- Data below
**********
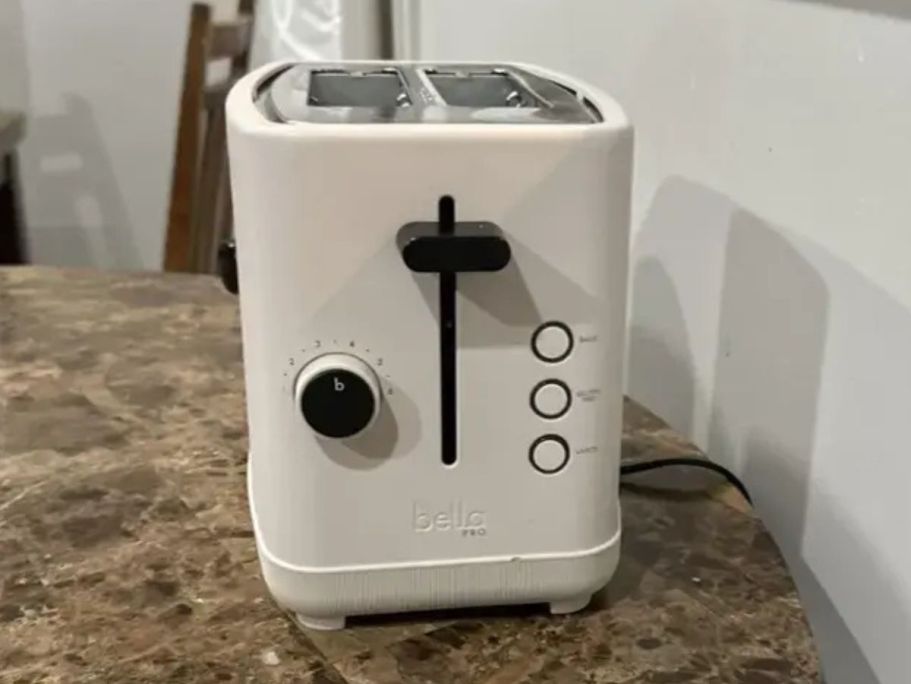 Bella 2-Slice Toaster Just $14.99 Shipped on BestBuy.com (Reg. $50)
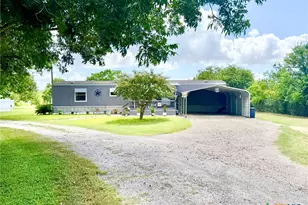 549 Co Rd 431, Lolita, TX 77971 - Photo 2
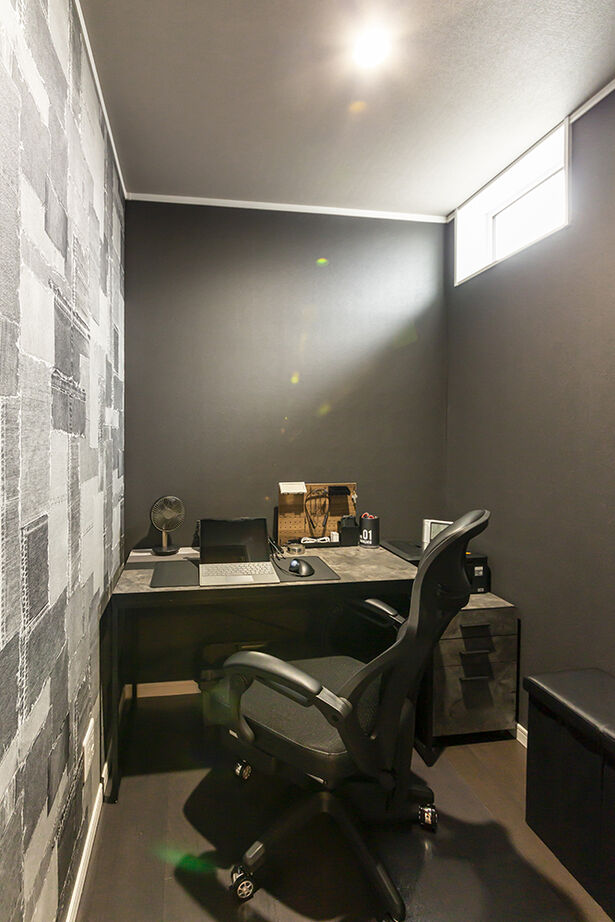 大東住宅 【2000万円台/吹抜け/リビング階段】開放感と木の香りに癒されるLDK。面積以上に広く感じる工夫にも注目の建築実例画像8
**********
- Assignment
I would like the material above returned exactly as it stands, without its pictures.

- Output of the exercise
 Bella 2-Slice Toaster Just $14.99 Shipped on BestBuy.com (Reg. $50)
 549 Co Rd 431, Lolita, TX 77971 - Photo 2
 大東住宅 【2000万円台/吹抜け/リビング階段】開放感と木の香りに癒されるLDK。面積以上に広く感じる工夫にも注目の建築実例画像8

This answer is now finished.